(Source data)

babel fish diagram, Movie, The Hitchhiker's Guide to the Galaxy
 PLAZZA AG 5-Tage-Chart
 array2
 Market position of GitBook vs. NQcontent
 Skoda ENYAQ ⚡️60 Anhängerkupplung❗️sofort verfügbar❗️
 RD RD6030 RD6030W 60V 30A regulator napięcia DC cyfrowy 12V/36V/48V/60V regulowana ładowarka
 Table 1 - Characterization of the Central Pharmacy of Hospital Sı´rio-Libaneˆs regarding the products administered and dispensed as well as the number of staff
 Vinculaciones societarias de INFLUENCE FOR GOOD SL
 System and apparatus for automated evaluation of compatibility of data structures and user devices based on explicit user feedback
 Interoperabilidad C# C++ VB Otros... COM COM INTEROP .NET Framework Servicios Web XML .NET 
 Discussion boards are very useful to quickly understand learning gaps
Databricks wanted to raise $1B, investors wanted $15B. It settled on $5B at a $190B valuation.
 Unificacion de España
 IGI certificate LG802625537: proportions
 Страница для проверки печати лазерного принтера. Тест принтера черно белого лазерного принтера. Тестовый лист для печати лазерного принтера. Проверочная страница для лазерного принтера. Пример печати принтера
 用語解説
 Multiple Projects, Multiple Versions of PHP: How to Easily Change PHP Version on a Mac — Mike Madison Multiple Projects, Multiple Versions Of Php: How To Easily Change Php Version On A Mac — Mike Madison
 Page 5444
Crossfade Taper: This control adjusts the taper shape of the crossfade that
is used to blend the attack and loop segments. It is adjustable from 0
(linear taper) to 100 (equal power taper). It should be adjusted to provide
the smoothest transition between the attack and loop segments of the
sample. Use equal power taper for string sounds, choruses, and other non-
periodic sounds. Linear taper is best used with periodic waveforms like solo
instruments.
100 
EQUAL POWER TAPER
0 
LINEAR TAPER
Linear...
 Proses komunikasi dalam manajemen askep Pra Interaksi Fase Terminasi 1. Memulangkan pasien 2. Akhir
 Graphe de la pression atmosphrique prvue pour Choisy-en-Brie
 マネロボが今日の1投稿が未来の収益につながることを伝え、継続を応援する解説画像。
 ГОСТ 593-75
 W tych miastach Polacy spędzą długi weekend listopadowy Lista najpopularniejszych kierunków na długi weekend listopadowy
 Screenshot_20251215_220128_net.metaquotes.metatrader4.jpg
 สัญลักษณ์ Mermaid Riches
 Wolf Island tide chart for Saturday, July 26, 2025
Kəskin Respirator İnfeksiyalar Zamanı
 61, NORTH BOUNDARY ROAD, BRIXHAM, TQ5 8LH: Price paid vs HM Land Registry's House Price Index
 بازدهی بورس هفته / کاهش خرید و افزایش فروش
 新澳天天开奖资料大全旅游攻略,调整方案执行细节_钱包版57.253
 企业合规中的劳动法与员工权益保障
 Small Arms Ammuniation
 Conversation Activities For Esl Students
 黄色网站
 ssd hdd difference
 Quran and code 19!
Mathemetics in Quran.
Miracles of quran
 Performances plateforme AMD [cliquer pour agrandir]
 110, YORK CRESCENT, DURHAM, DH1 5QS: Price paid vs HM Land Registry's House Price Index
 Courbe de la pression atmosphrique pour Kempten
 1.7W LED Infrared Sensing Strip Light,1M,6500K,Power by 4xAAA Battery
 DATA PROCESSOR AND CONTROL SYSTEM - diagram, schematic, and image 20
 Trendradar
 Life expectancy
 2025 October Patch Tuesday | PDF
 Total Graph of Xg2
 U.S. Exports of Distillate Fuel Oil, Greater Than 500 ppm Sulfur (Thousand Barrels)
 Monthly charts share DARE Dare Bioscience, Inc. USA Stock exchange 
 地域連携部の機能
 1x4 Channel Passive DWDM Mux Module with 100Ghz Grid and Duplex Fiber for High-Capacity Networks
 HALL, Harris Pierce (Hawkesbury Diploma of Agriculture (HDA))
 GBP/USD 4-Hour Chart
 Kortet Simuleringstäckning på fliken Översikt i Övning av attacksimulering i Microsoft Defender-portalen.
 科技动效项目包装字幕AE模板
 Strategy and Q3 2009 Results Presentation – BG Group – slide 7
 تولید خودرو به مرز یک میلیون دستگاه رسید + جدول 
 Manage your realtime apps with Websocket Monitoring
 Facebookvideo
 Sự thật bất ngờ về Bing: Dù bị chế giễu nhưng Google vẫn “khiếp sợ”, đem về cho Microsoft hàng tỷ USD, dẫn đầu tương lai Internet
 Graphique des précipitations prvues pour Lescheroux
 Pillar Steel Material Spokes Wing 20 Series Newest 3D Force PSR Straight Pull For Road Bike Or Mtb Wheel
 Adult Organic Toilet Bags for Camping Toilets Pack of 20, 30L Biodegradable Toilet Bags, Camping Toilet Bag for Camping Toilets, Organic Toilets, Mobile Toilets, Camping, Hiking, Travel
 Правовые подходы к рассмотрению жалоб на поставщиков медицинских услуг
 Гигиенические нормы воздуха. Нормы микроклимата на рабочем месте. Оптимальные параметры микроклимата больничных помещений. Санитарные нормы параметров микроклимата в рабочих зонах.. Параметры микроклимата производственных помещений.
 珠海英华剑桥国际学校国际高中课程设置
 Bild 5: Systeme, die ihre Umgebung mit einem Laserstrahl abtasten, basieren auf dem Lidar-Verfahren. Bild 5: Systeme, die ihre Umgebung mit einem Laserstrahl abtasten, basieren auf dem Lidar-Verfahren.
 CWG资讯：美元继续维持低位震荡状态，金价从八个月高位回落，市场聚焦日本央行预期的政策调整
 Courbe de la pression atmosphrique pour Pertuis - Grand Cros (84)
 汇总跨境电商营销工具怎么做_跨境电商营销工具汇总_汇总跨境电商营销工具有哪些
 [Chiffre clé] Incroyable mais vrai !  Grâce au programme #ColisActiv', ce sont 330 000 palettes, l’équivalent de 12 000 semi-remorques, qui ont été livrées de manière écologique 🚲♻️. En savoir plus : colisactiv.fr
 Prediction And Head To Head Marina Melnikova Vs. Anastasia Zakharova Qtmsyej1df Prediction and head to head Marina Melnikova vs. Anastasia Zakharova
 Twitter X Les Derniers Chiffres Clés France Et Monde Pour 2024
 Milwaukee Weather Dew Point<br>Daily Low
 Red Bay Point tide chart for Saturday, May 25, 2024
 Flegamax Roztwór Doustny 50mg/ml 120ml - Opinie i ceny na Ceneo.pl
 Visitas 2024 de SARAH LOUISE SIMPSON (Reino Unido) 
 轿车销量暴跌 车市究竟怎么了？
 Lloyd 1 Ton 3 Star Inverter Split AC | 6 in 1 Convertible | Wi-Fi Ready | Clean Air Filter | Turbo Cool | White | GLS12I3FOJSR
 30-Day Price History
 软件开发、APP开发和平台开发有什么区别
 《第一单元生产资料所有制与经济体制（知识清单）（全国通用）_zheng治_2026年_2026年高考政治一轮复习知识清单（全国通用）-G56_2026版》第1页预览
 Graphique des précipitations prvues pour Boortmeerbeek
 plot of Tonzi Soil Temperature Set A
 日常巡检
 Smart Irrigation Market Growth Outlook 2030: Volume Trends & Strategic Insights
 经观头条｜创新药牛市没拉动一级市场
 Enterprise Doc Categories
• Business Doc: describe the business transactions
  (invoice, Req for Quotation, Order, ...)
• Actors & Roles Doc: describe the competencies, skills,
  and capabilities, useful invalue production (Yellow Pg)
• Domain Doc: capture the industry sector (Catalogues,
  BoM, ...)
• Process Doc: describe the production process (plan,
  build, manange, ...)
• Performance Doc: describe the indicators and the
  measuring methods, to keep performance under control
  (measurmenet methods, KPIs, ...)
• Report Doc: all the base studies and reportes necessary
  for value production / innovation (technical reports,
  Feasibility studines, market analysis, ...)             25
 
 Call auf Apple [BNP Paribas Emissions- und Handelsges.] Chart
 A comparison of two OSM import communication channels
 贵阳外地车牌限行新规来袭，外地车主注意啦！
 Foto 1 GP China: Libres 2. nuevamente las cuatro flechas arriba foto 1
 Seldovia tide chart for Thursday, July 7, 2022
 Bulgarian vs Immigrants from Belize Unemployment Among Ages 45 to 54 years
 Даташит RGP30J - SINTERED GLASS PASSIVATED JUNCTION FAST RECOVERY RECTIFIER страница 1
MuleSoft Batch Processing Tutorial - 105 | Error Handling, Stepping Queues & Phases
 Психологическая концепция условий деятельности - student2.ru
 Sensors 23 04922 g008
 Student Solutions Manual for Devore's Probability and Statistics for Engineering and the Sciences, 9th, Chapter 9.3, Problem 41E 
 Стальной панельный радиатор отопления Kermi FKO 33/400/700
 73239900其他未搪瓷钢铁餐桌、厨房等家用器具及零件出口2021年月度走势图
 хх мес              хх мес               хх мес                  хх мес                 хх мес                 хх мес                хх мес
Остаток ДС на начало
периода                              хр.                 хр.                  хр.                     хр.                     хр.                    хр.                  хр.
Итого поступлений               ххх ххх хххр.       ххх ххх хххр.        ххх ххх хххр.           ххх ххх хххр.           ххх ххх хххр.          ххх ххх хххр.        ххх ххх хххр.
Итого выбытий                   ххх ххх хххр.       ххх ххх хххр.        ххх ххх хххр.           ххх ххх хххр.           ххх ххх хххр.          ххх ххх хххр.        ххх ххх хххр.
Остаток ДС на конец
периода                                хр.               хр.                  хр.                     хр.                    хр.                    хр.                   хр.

Action item: Among the entries above, the line containing "A comparison of", the line containing "Sensors 23 04922 g008", and all lines between them are to be restated word for word; nothing else belongs in the reply.

Completed exercise:
 A comparison of two OSM import communication channels
 贵阳外地车牌限行新规来袭，外地车主注意啦！
 Foto 1 GP China: Libres 2. nuevamente las cuatro flechas arriba foto 1
 Seldovia tide chart for Thursday, July 7, 2022
 Bulgarian vs Immigrants from Belize Unemployment Among Ages 45 to 54 years
 Даташит RGP30J - SINTERED GLASS PASSIVATED JUNCTION FAST RECOVERY RECTIFIER страница 1
MuleSoft Batch Processing Tutorial - 105 | Error Handling, Stepping Queues & Phases
 Психологическая концепция условий деятельности - student2.ru
 Sensors 23 04922 g008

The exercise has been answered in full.